Looking for political cover in the wake of Dubaigate, the House passes a $7.4 billion port security bill 421-2, with money included for “new port security inspectors, nuclear weapons screening and the development of an automated system to pinpoint high-risk cargo. The 421 to 2 vote came just hours after the White House expressed strong misgivings over the cost and feasibility of the bill.“
“‘He has no political capital,’ said Tony Fabrizio, a Republican pollster. ‘Slowly but surely it’s been unraveling. There’s been a direct correlation between the trajectory of his approval numbers and the — I don’t want to call it disloyalty — the independence on the part of the Republicans in Congress.‘” In the wake of Dubaigate, Dubya gets more of the “Incredible Shrinking President” treatment from the rest of the GOP. If it quacks like a lameduck… (And, for those of y’all who think I’ll never say anything nice about Dubya, I would have agreed with you until very recently — but I actually think his post-Dubaigate remarks today were on target.)
Soon after GOP leaders tell Dubya the port deal is dead, Dubai Ports World pull the plug themselves by announcing they will divest all American interests, including operation of the six ports in question. Well, I guess it’s healthy to see Congress finally stand up to Dubya…but, frankly, this Dubai takeover has been a sideshow issue from the beginning. If only our reps demonstrated a similar spine on any number of other, more significant administration policies: the NSA wiretaps, the Patriot Act, prewar intelligence, our newfound proclivity to torture, bankruptcy legislation, you name it…including the still-extant question of port security.
“‘Listen, this is a very big political problem,’ said House Majority Leader John A. Boehner (R-Ohio), explaining that he had to give his rank-and-file members a chance to vote. ‘There are two things that go on in this town. We do public policy, and we do politics. And you know, most bills at the end of the day, the politics and the policy kind of come together, but not always. And we are into one of these situations where this has become a very hot political potato.’” Content to curl up like lapdogs when civil liberties are on the table, Republicans remain livid over Dubaigate, with House leaders setting up a voice vote to kill the port deal in the next few days. Update: It has begun — the House Appropriations Committee votes 62-2 to add a block of the deal to a war funding measure.

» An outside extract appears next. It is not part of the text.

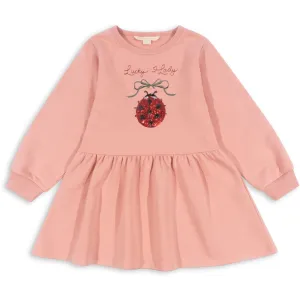 Konges Sljd Ladybug Glitter Lou Ladybug Glitter Dress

“A behind-the-scenes reconstruction of the ports deal’s rapid evolution from obscurity to uproar shows how Bush was blindsided by the same emotion-laden politics of terrorism that he used to win elections in 2002 and 2004. It also raises anew questions of why the White House message machine, so sharply effective in the first term, seemingly has gone dull in the second.” As the Dubai Port World deal goes under 45-day review, the Post assesses the Dubya administration’s dismal PR performance during Dubaigate.
“There are many, many problems that we face in maritime security — and they’re not the United Arab Emirates.” Dubaigate continues to have legs, with both parties in an uproar and the port takeover now on hold so Dubya can convince Congress it’s a good idea (or at the very least get his story straight.) Well, as Dan Froomkin noted, inasmuch as this story draws attention to the broader issues of outsourcing, port security, and questionable White House decisionmaking, I’m all for it. But, given all the shadiness this administration has been up to of late, I’m a bit surprised that this relatively innocuous UAE deal has blown up as it has. (I mean, when Dubya recently decided he’d eviscerate our constitutional system of checks and balances, the Senate just rolled over.) Well, don’t look a gift horse in the mouth, I suppose.
Members of both parties, including now the GOP governors of New York and Maryland, question government approval of the sale of a British port security firm (which operates six major U.S. ports) to Dubai Ports World, a company based in the United Arab Emirates. “Dubai Ports will not ‘own’ the U.S. facilities, but will inherit the P&O’s contracts to run them, with no changes in the dockside personnel or the U.S. government security operations that currently apply to them.” Hmm. The transaction should be looked at carefully, sure, but, as the TIME article notes, the fact that this company is based in Dubai is much less important than the broader issue of port security standards. Update: Strange bedfellows: Carter backs Dubya, Frist doesn’t. Update 2: Port security link via Medley.
As if the revelations of Syria’s role in the Hariri assassination weren’t disturbing enough, now the recently-elected president of Iran, a state with nuclear ambitions, is making nightmarish and freakshow statements reasserting the goal of Israel’s destruction. With rhetoric escalating and five years of Dubya’s “with-us-or-against-us” diplomacy helping to shore up hardliners across the Middle East, it seems Iraq may soon be the least of our problems in the region.